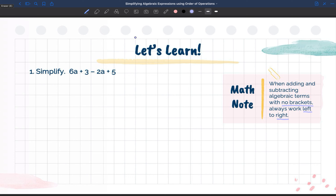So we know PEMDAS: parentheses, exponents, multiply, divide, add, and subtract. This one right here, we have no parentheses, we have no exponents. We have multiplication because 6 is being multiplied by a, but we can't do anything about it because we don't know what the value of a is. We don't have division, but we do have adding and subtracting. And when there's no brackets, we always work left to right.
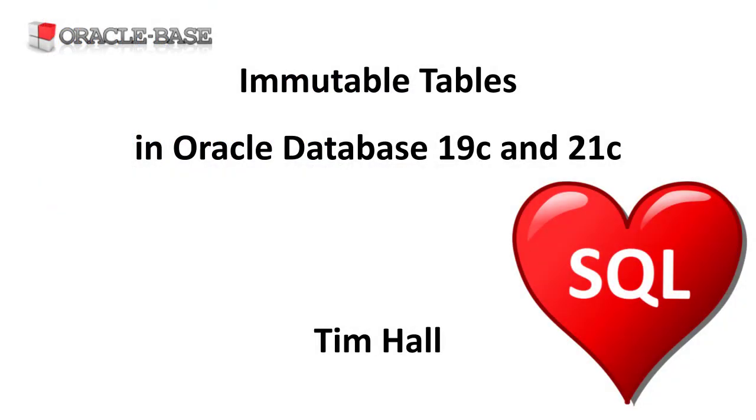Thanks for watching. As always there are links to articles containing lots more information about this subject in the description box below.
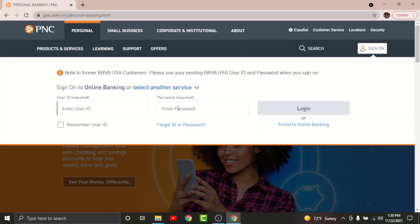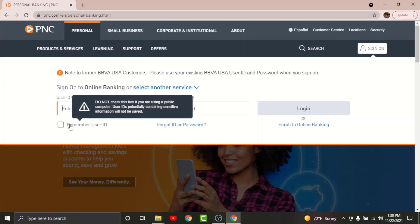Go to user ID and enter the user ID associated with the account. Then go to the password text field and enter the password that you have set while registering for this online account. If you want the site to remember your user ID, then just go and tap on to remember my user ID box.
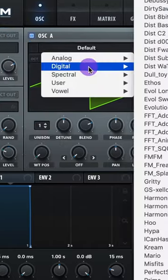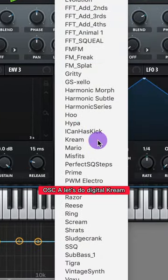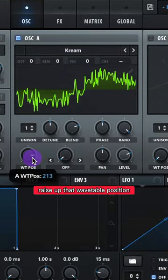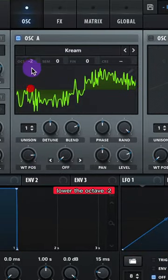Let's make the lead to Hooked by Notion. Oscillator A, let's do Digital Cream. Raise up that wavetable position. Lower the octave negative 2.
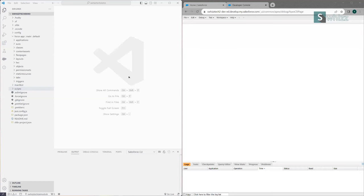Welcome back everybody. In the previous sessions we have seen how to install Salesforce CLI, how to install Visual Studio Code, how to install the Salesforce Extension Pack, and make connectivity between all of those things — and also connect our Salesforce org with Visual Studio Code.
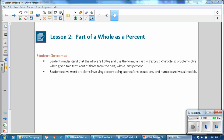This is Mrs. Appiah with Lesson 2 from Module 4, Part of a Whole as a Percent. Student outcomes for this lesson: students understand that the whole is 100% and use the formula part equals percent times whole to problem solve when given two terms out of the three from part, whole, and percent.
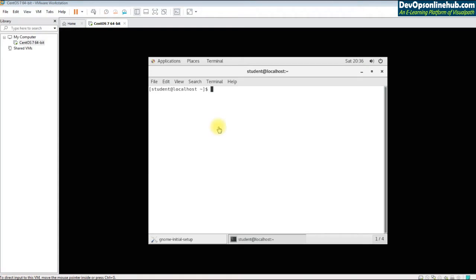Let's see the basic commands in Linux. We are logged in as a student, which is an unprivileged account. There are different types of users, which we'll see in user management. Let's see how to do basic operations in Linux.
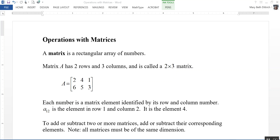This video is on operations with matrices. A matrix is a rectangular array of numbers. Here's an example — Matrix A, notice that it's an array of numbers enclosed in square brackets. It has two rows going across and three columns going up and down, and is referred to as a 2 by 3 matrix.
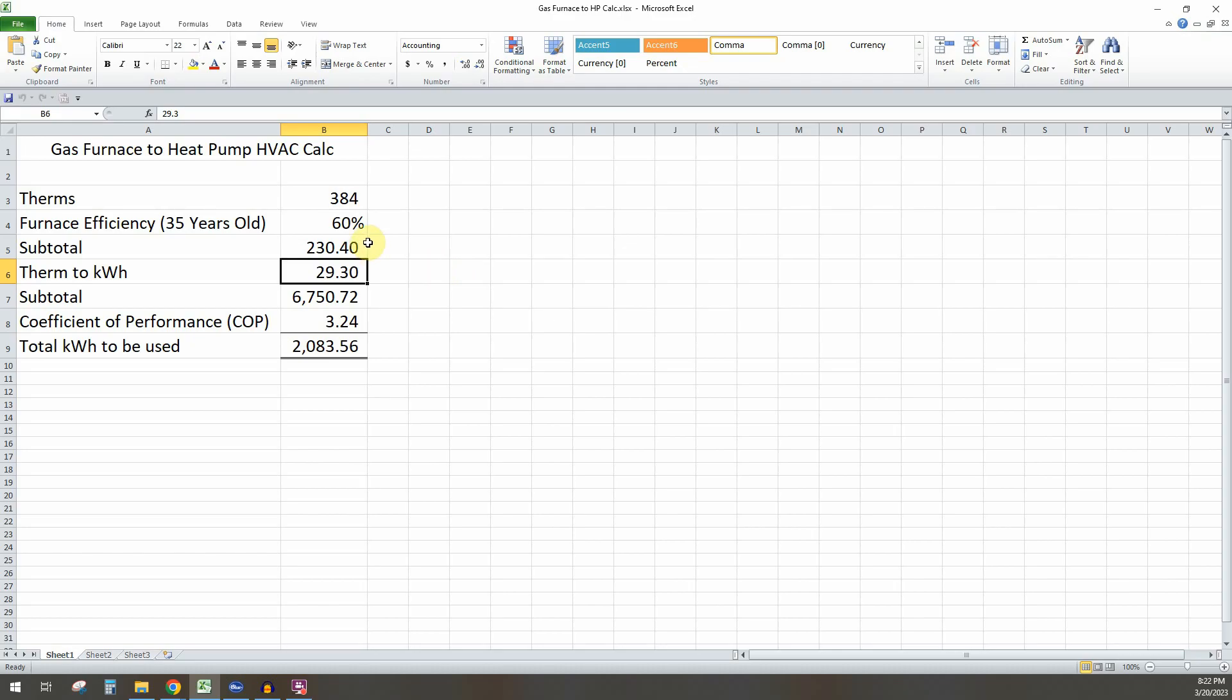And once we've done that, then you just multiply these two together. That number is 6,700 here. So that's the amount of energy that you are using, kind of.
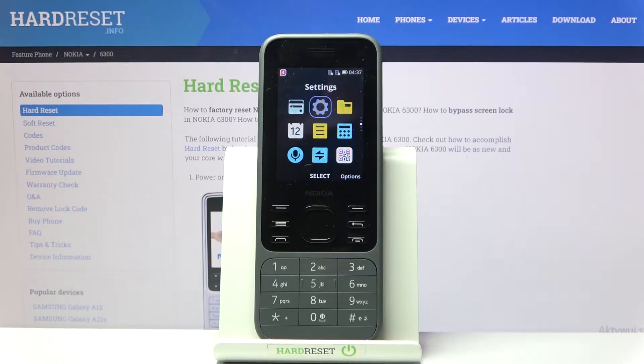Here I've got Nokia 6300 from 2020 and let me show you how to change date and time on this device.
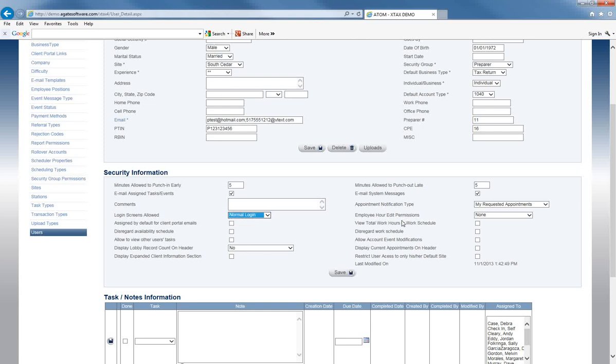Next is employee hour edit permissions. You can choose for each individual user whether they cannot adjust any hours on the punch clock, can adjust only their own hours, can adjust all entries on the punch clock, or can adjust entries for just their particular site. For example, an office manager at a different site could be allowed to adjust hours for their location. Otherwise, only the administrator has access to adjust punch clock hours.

· · · ·

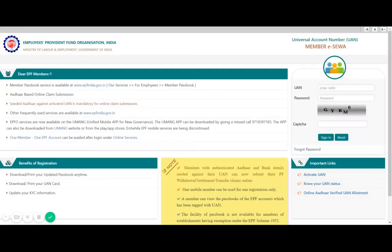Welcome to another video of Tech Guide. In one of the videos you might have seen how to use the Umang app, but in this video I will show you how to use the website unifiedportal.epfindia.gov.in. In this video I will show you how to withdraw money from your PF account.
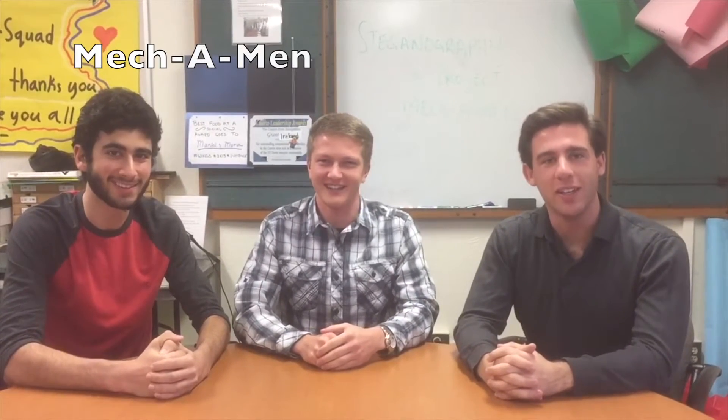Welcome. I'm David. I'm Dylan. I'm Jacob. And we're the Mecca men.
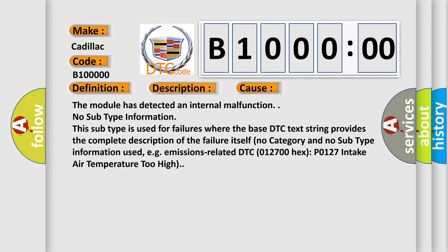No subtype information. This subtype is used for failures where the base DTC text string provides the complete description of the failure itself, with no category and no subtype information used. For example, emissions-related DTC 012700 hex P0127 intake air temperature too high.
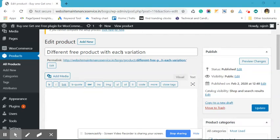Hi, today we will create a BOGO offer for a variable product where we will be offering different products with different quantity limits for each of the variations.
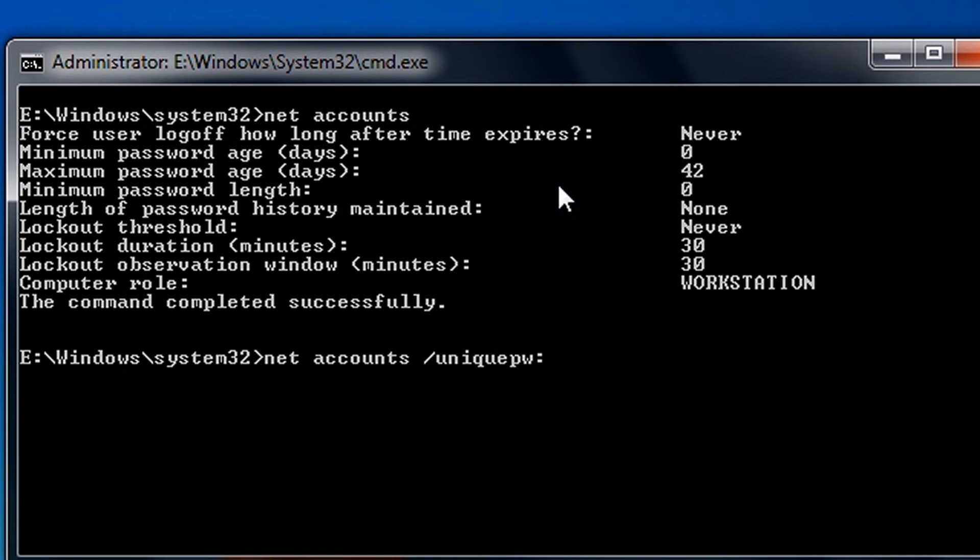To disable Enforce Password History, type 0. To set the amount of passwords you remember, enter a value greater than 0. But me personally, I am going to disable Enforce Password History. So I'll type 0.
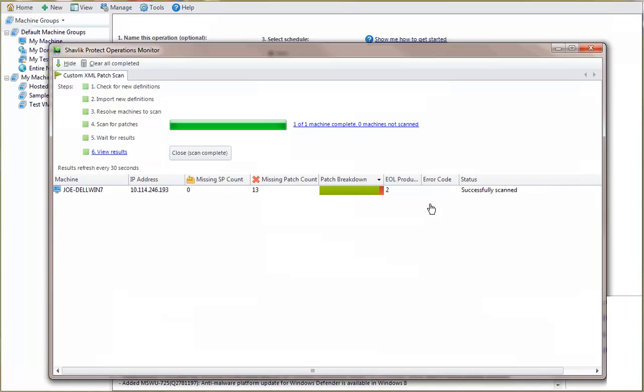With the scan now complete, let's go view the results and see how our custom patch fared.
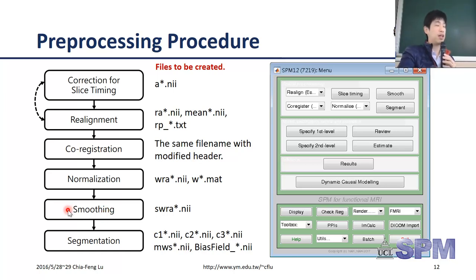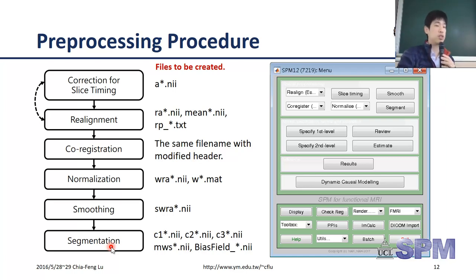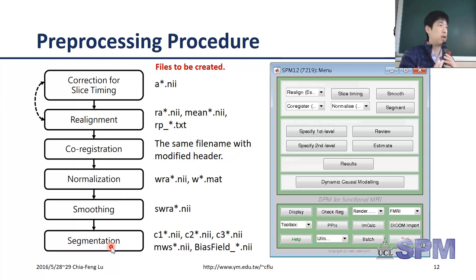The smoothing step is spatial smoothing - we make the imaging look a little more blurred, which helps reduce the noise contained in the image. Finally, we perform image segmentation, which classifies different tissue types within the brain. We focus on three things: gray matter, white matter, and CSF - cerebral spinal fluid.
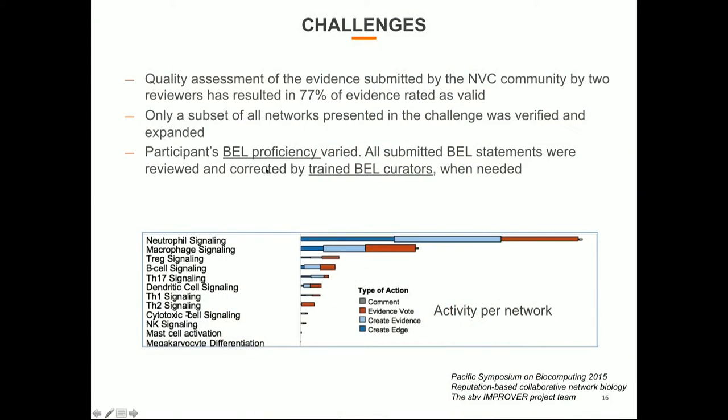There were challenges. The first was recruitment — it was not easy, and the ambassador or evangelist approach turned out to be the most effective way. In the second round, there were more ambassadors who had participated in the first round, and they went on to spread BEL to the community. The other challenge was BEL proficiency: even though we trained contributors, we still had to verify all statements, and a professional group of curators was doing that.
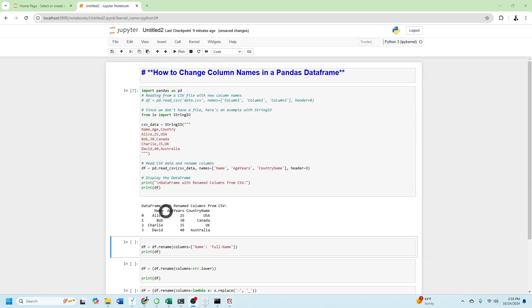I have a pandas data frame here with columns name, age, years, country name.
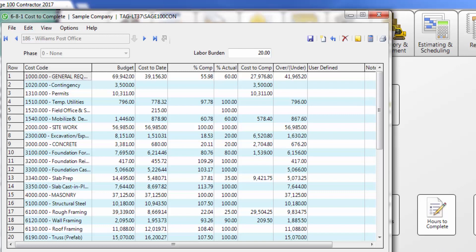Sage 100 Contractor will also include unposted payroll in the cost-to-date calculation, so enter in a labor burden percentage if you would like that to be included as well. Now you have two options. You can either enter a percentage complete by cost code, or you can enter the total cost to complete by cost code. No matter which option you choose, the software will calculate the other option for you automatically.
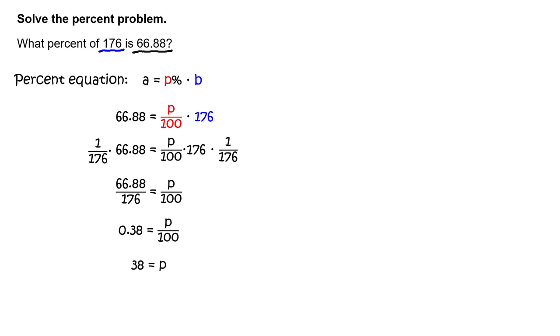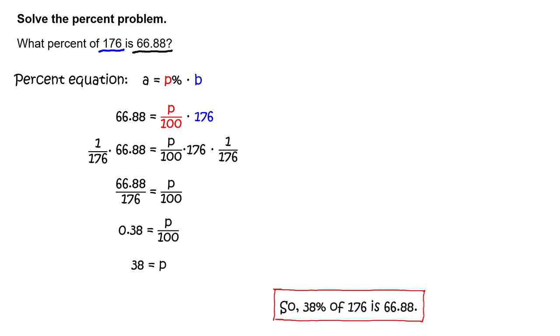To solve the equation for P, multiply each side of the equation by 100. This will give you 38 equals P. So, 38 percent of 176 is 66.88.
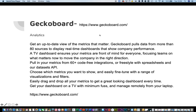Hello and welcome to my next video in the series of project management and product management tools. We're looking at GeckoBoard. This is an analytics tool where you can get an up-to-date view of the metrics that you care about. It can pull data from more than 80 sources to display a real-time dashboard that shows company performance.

· · · ·

TASK DESCRIPTION:
Above are some records; quote exactly and only the lines that begin at the line containing "To disable Enforce Password History, type" and stop after the line containing "The smoothing step", leaving out the pictures.

ANSWER SECTION:
To disable Enforce Password History, type 0. To set the amount of passwords you remember, enter a value greater than 0. But me personally, I am going to disable Enforce Password History. So I'll type 0.
With the scan now complete, let's go view the results and see how our custom patch fared.
The smoothing step is spatial smoothing - we make the imaging look a little more blurred, which helps reduce the noise contained in the image. Finally, we perform image segmentation, which classifies different tissue types within the brain. We focus on three things: gray matter, white matter, and CSF - cerebral spinal fluid.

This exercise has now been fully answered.